Directions for this task> Transcribe the data verbatim and drop its images.

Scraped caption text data
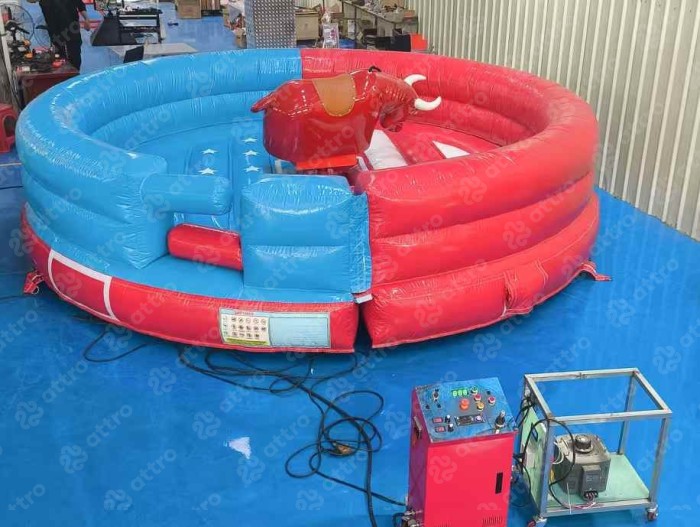 Аттракцион Бык родео 5*5*2,5 м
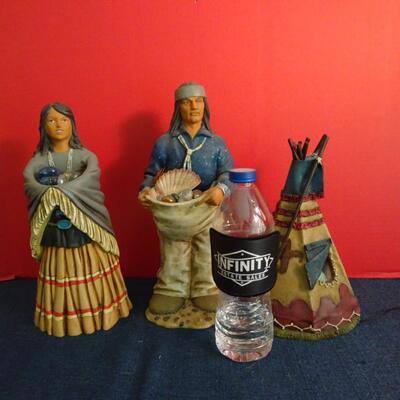 LOT 145.  NATIVE AMERICAN INSPIRED DECOR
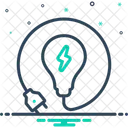 Electricity  Icon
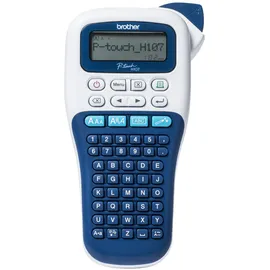 Brother PT-H107B Blau/Weiß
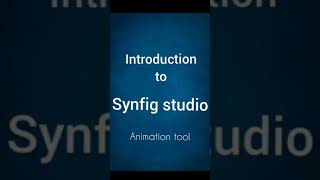 Std-11 Chapter-2 Animation tool-Synfig Studio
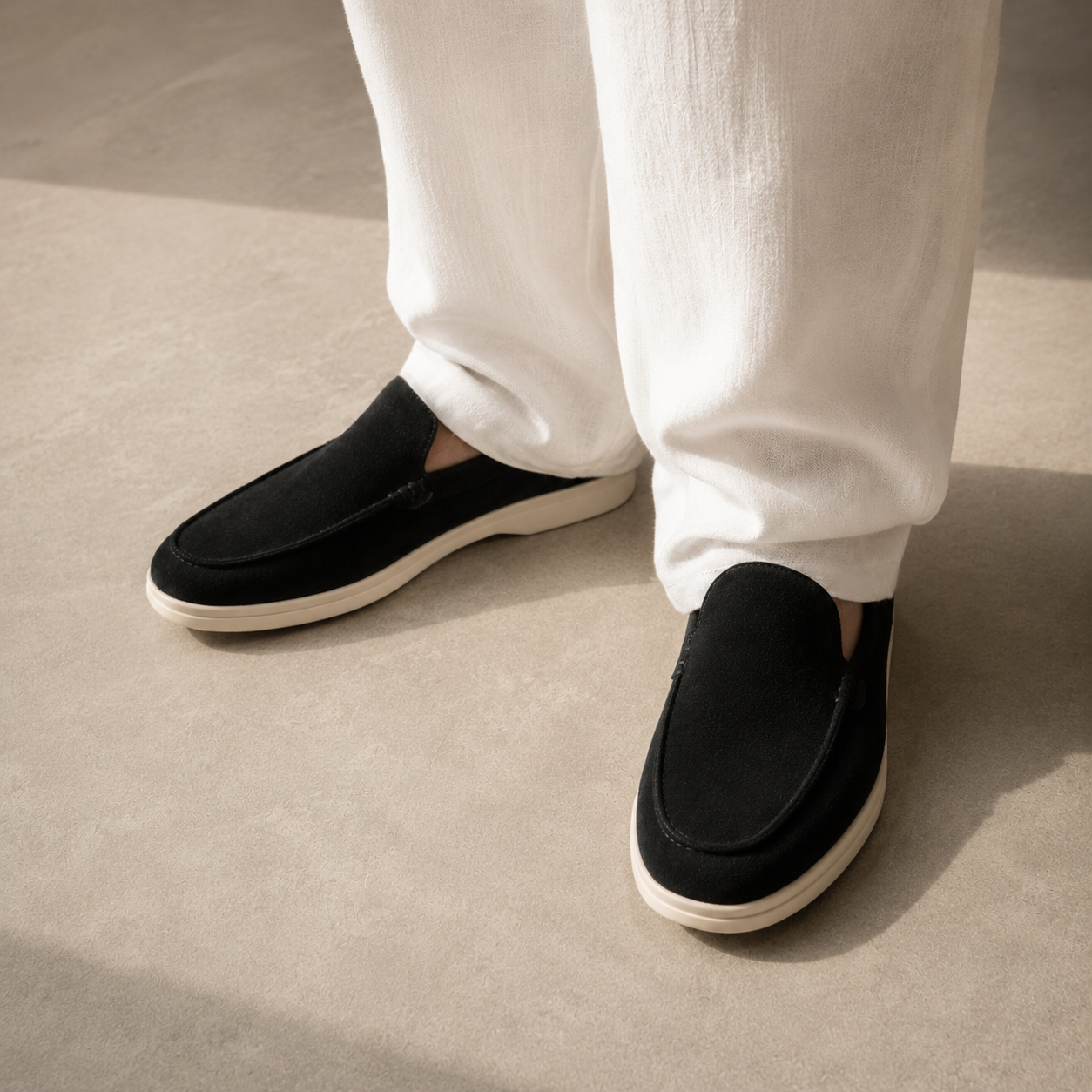 PRACTS Suede Loafers SE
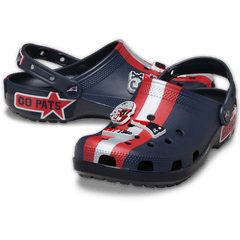 NFL New England Patriots Classic Clog for Women|Men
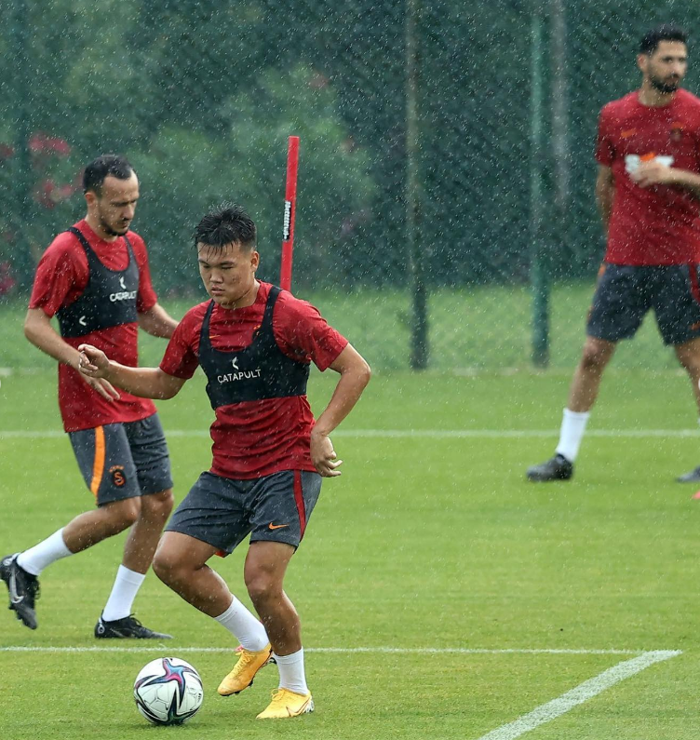 Okan Buruklu Galatasaray, sahaya indi 5 eksik, altyapıdan gelenler, kiralıktan dönenler...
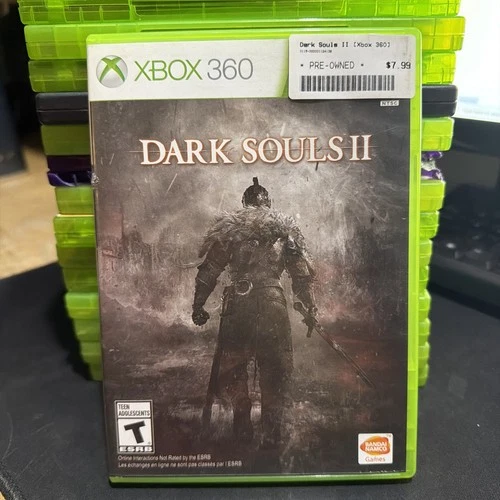 Dark Souls II 2 (Microsoft Xbox 360, 2014) Missing Manual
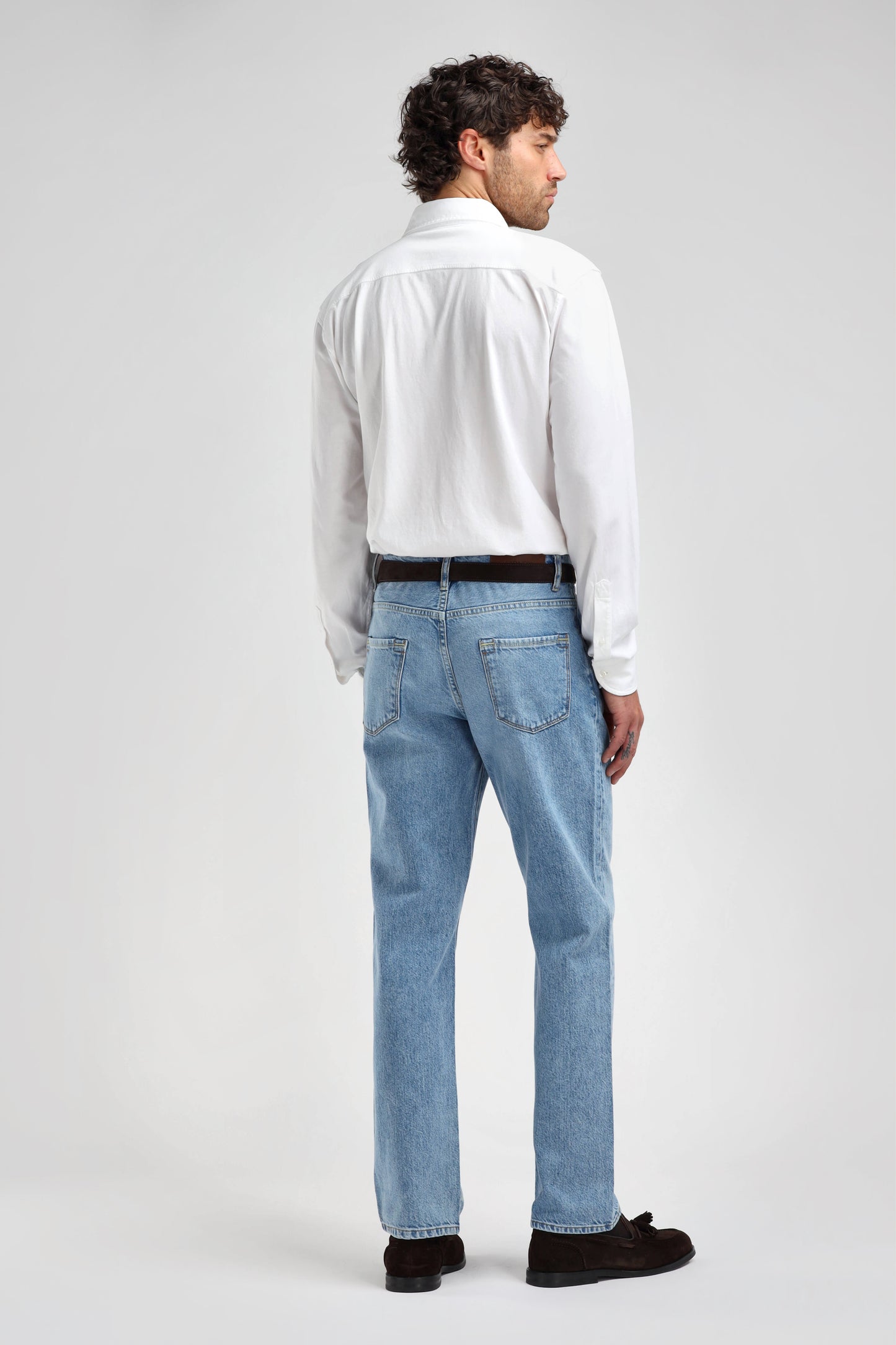 Camisa Luca en blanco de Ladneri Men - Anita Hass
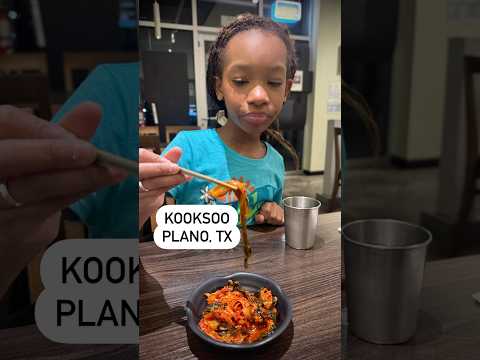 KOOKSOO Korean Food Plano, Texas #planotexas #planotx #koreanfood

Result for this task>
 Аттракцион Бык родео 5*5*2,5 м
 LOT 145.  NATIVE AMERICAN INSPIRED DECOR
 Electricity  Icon
 Brother PT-H107B Blau/Weiß
 Std-11 Chapter-2 Animation tool-Synfig Studio
 PRACTS Suede Loafers SE
 NFL New England Patriots Classic Clog for Women|Men
 Okan Buruklu Galatasaray, sahaya indi 5 eksik, altyapıdan gelenler, kiralıktan dönenler...
 Dark Souls II 2 (Microsoft Xbox 360, 2014) Missing Manual
 Camisa Luca en blanco de Ladneri Men - Anita Hass
 KOOKSOO Korean Food Plano, Texas #planotexas #planotx #koreanfood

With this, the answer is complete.